Two Utah men are accused of trying to illegally export surplus pieces of F-14 fighter jets, a plane that is flown only in Iran.

Abraham Trujillo, 61, and David Waye, 22, both of Ogden, are alleged to have tried exporting the parts to Canada, but the charges don't specify how they supposedly got the parts and don't list all buyers.

Federal agents placed online orders, then intercepted the goods before they made it out of the country, the charges said.

Trujillo and Waye were charged Friday with three counts each of attempting to export a defense article without a license. Telephone listings could not be found for the men.
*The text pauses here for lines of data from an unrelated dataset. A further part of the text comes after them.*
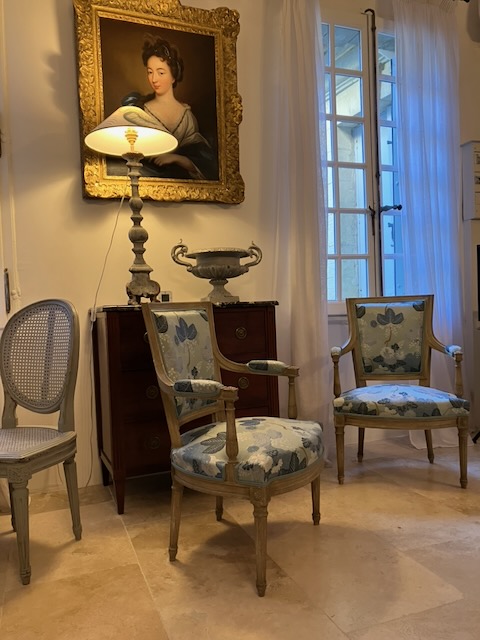 Fauteuils Louis XVI regarnis dans un salon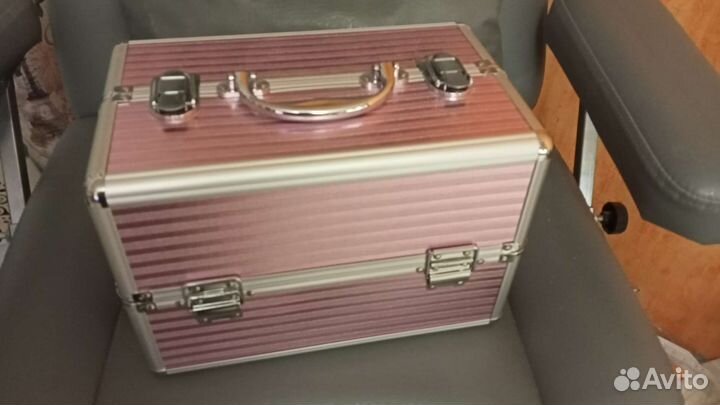 Бьюти-кейс для визажиста Mary Kay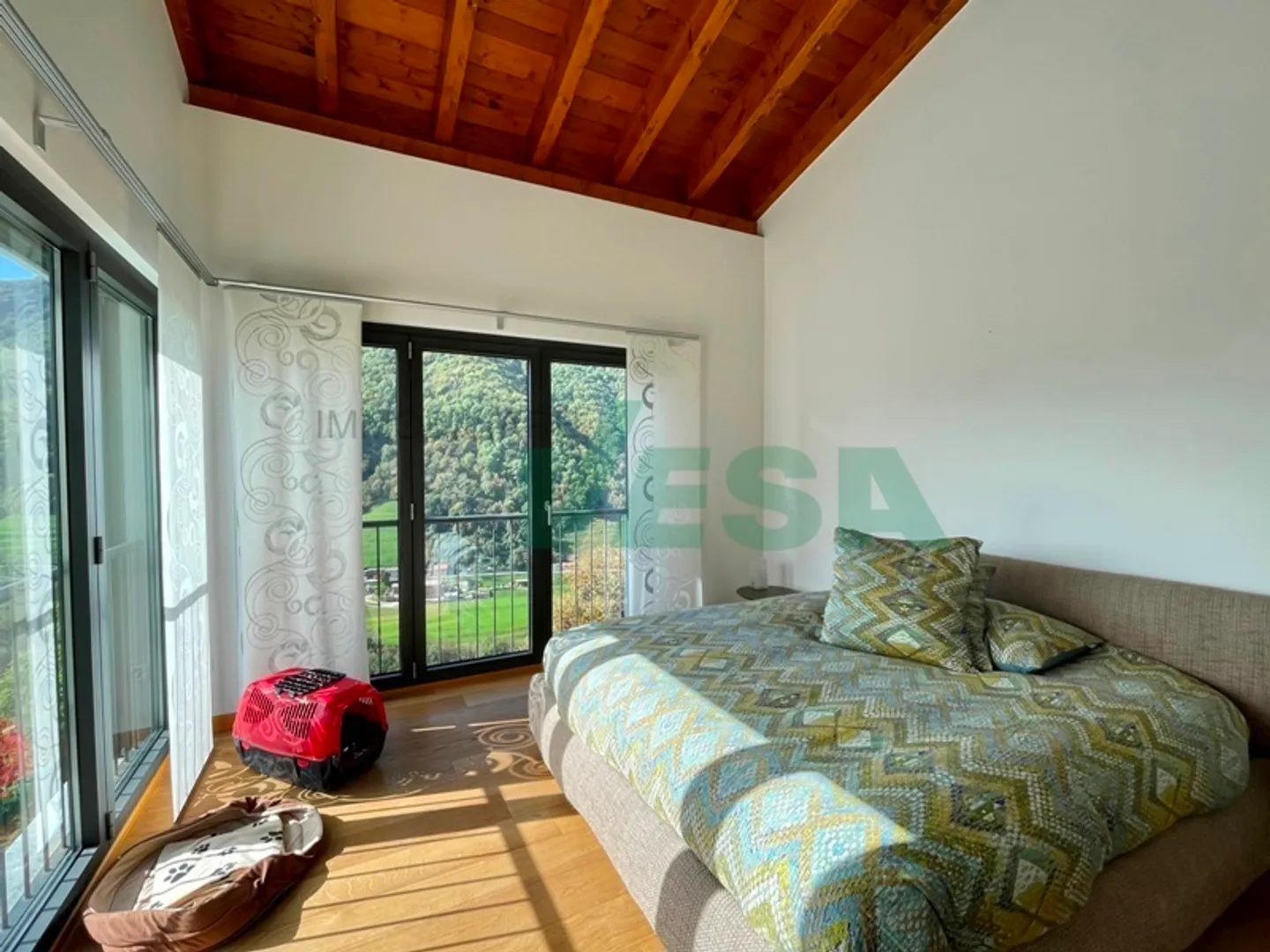 Accogliente ed elegante villa moderna nel verde con vista meravigliosa - Foto 4 di 13
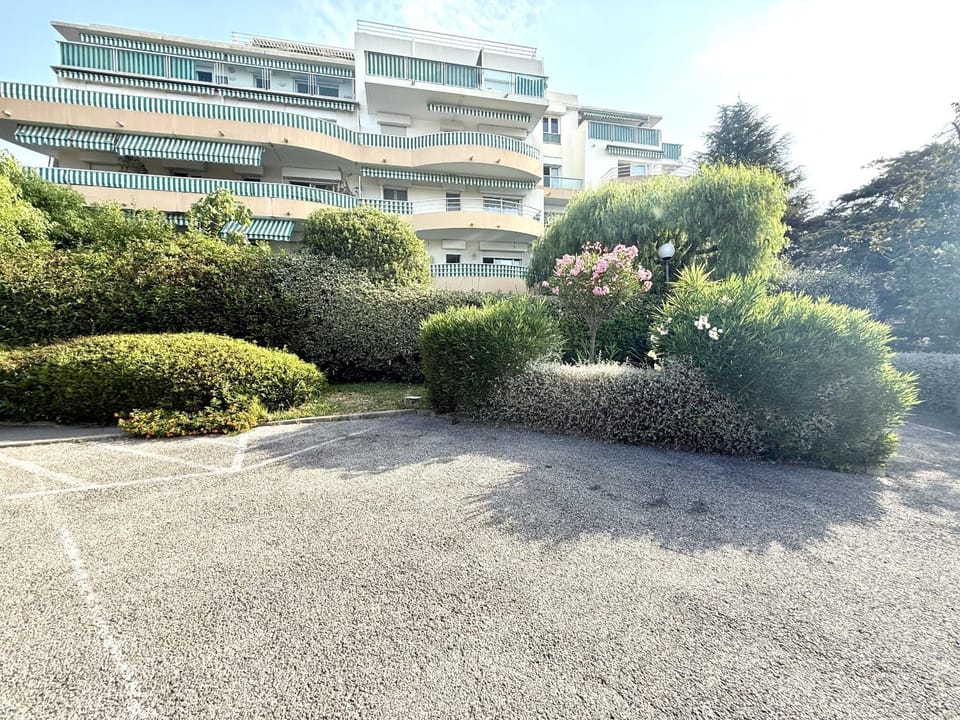 Property building, Facade/entrance, Off site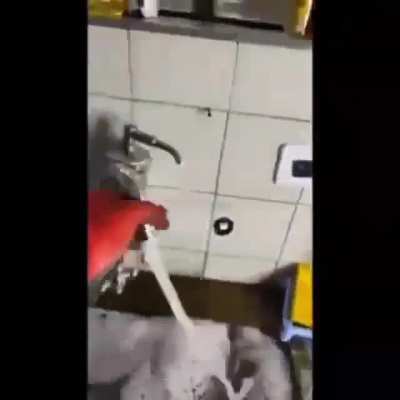 Dmc até a metade do video dps ta de boa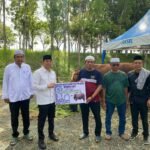 Sapi Kurban Bantuan Presiden RI Diserahkan Bupati Andi Rudi Latif  untuk Masyarakat di Hari Raya Idul Adha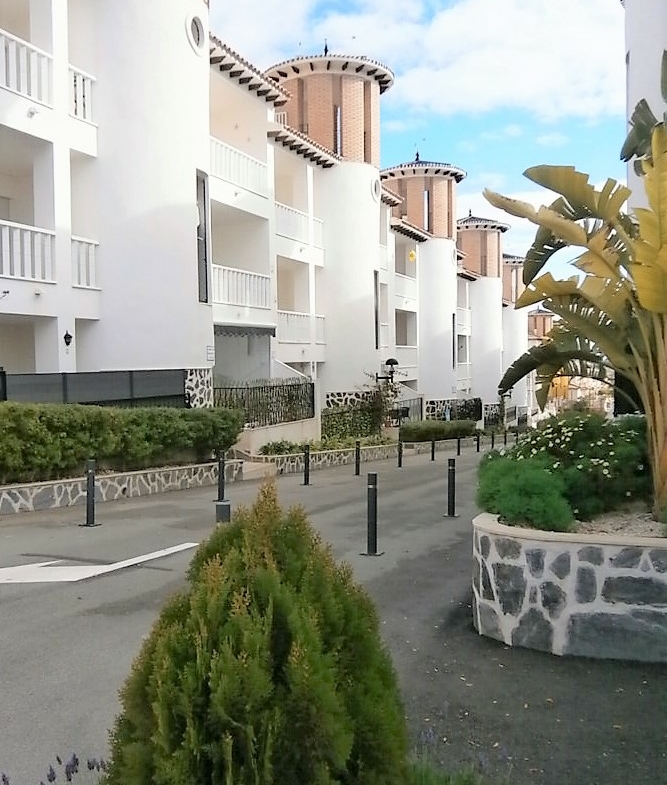 Moderno Apartamento en La Marina del Pinat – Elche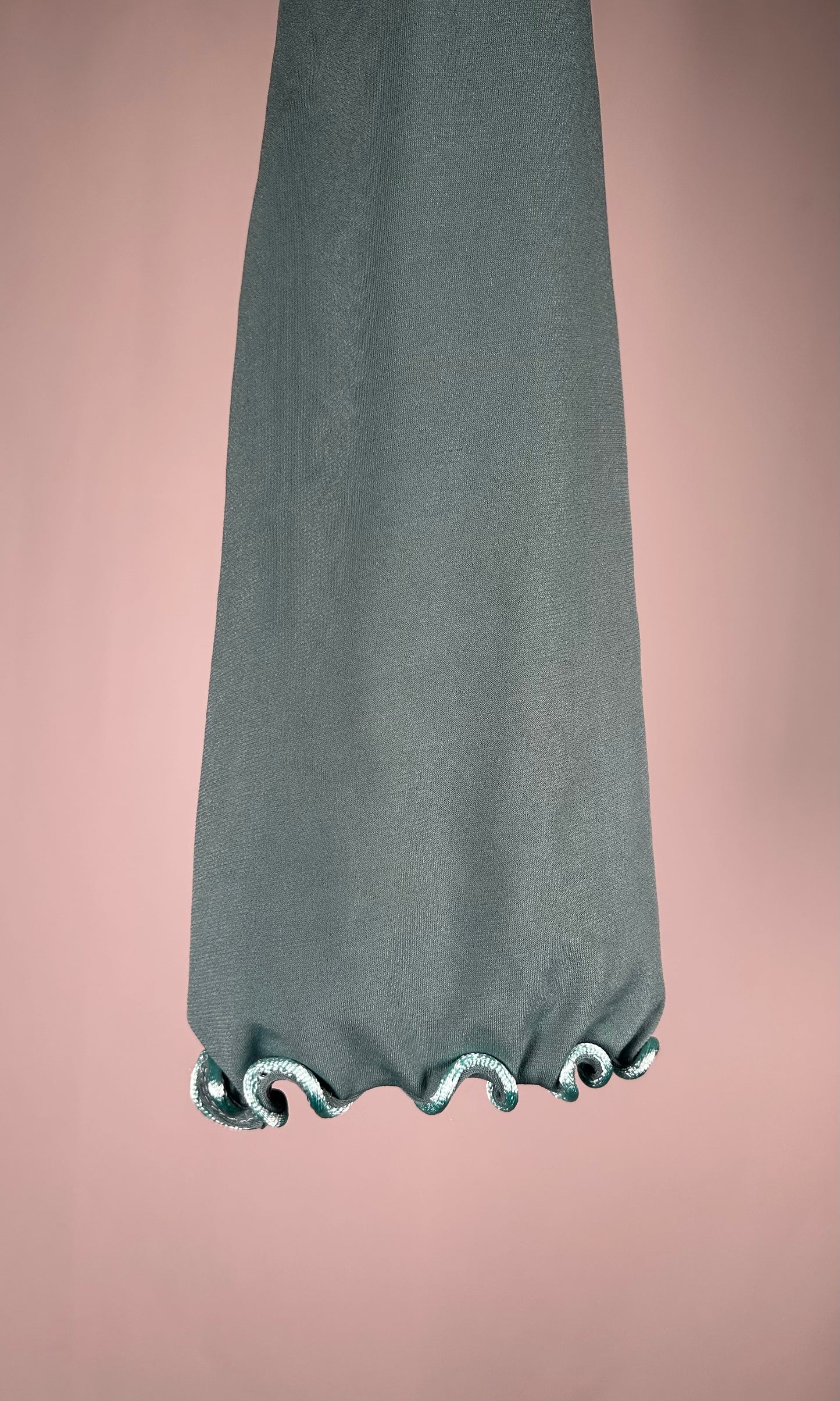Premium Jersey Hijab mit Welle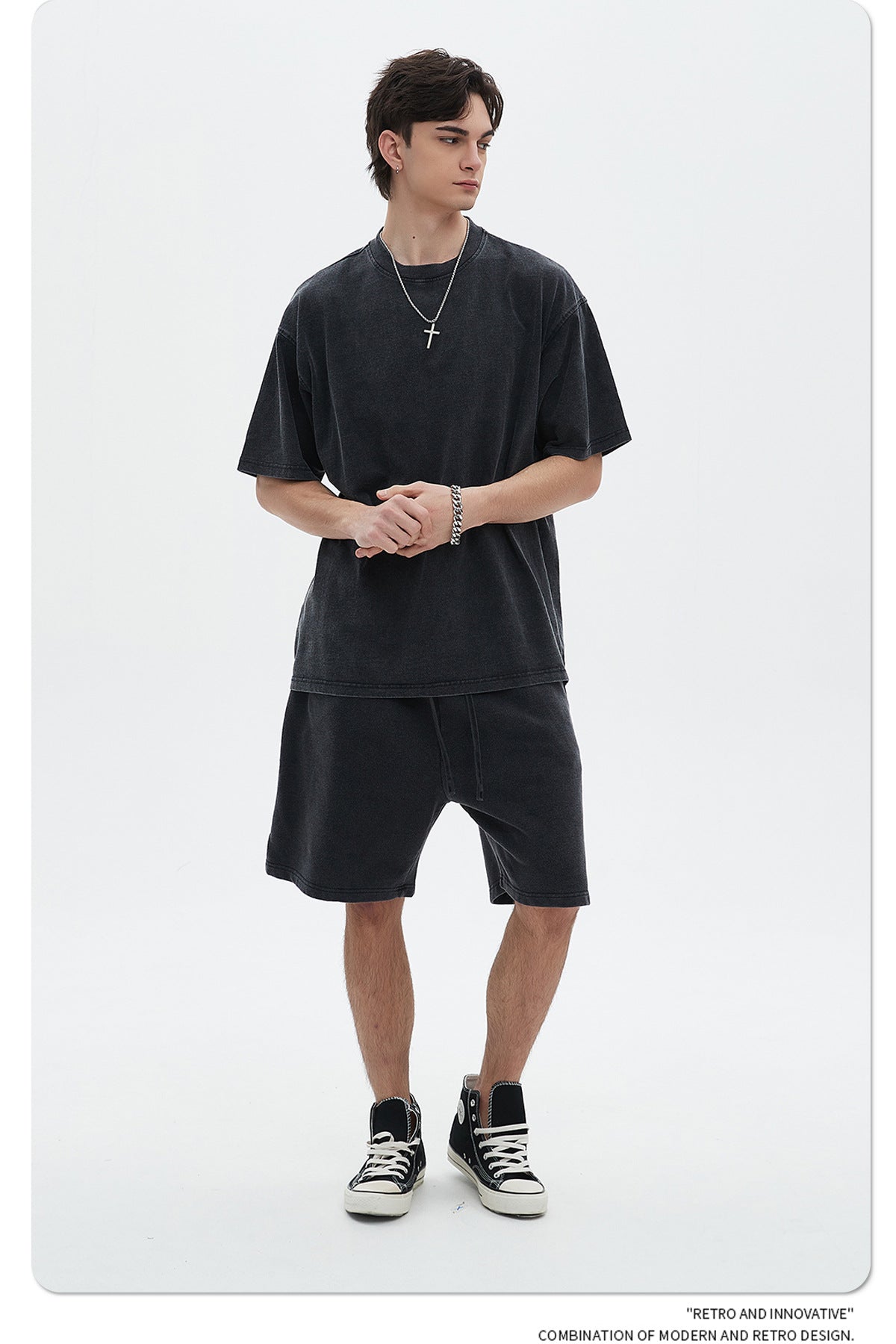 Oversize Washed Short-sleeve-T-shirt & Washed Short Sweatpants Setup
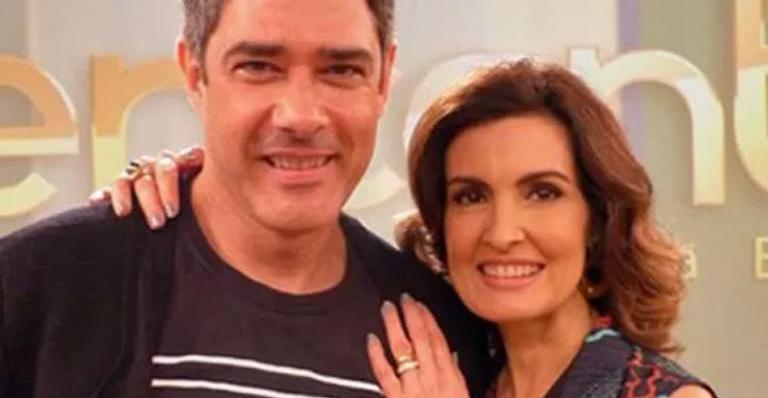 Filha de Fátima Bernardes e William Bonner esbanja beleza e impressiona na web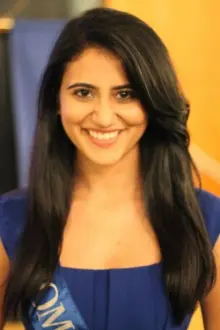 Karishma Lakhani como: Stephanie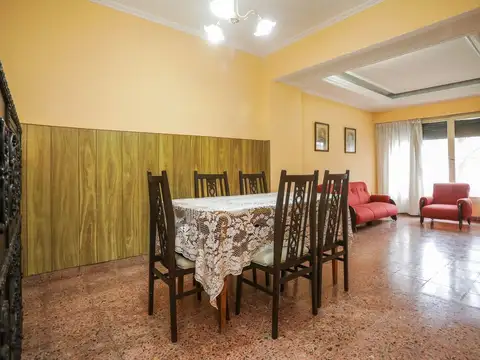 VENTA CASA BANFIELD 4 DORMITORIOS CON JARDIN COCH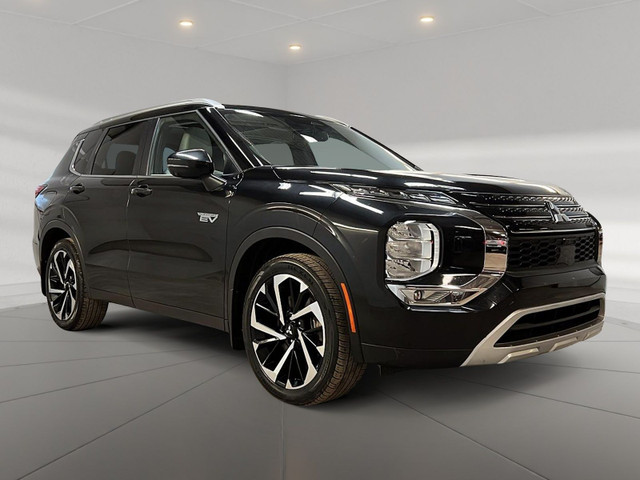 2023 Mitsubishi Outlander SEL S PHEV CUIR TOIT PANO NAV AWC in Cars & Trucks in Laval / North Shore - Image 3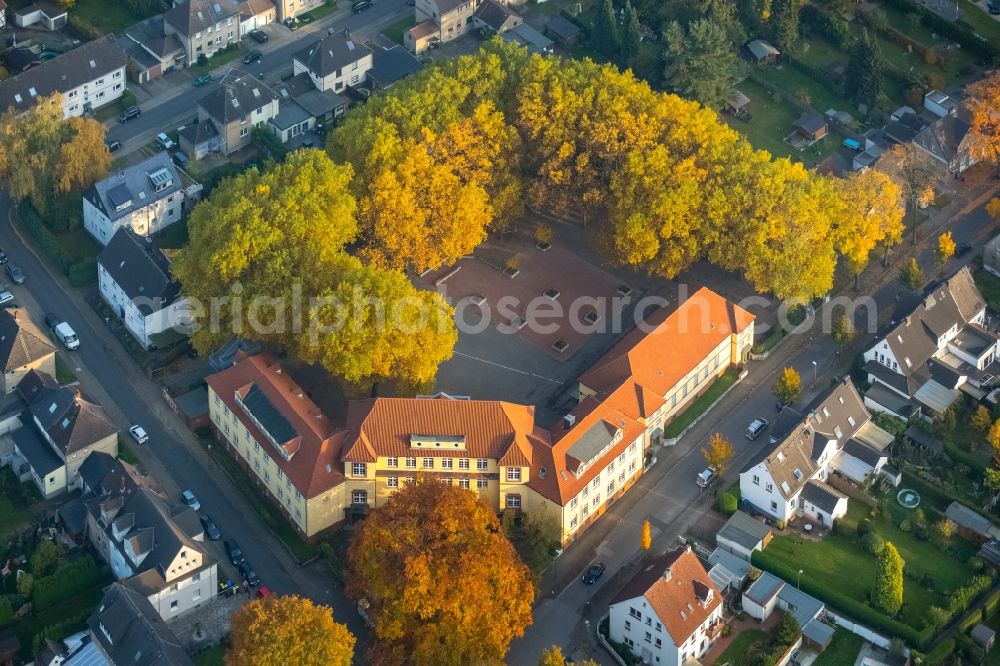 Aerial image Gladbeck - School grounds and buildings of the autumnal Pestalozzi-School in Gladbeck in the state of North Rhine-Westphalia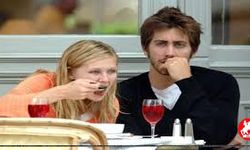 First Date’ı Stres Kaynağı Olmaktan Çıkarın ve Keyfe Dönüştürün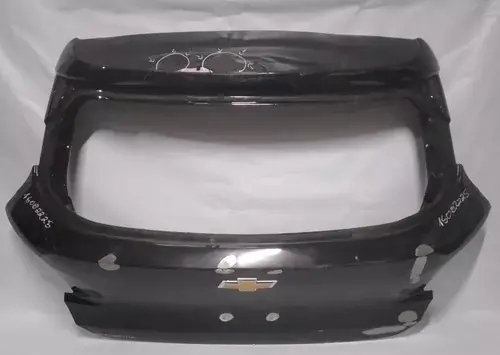 Tapa trasera Onix Hatch 2020 2021 2022 Original G1(usada en buen estado )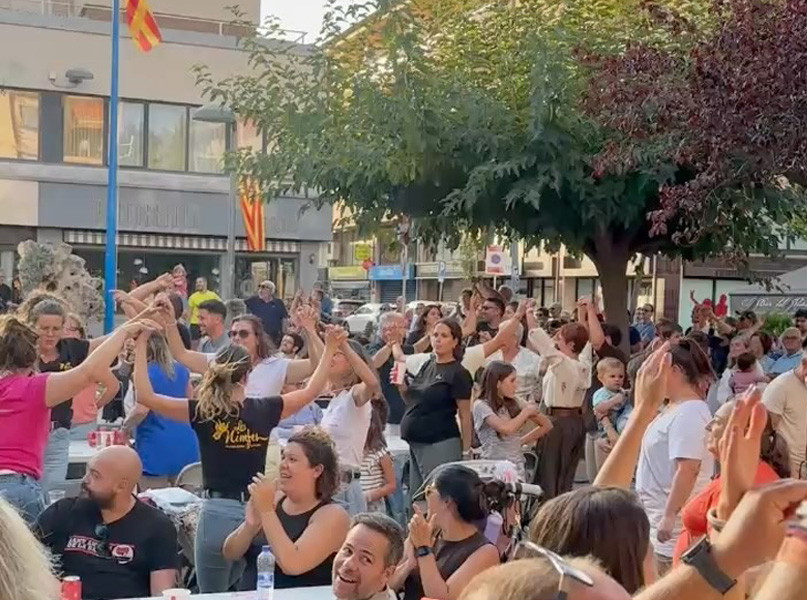 La primera edició del Bingo Musical Català va aplegar un munt de gent a la plaça de Catalunya. (Foto: Les Braves).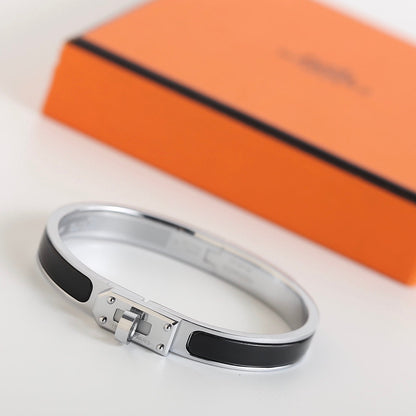 [⭐Mova]HM KELLY BLACK BRACELET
Iran, trying to maintain its F-14s, is aggressively seeking components from the retired U.S. Tomcat fleet. Members of Congress have expressed concerns about the Department of Defense selling surplus F-14 parts because they're worried they could wind up in Iranian aircraft.

The U.S. sold the F-14 to Iran in the 1970s when it was under the rule of the Western-friendly shah. In 1979, the shah was deposed, and the U.S. eventually banned the sale of military equipment to Iran.

The U.S. attorney's office says federal immigration agents discovered a Web site with listings of F-14 parts offered by Trujillo and his Ogden business, NSN Specialists. Over several months in 2006 and 2007, agents bought cable assemblies and other F-14 and F-4 jet items from Trujillo.

The men will receive a summons to appear before a federal magistrate. Penalties can carry 10 years in prison and a $1 million fine per count.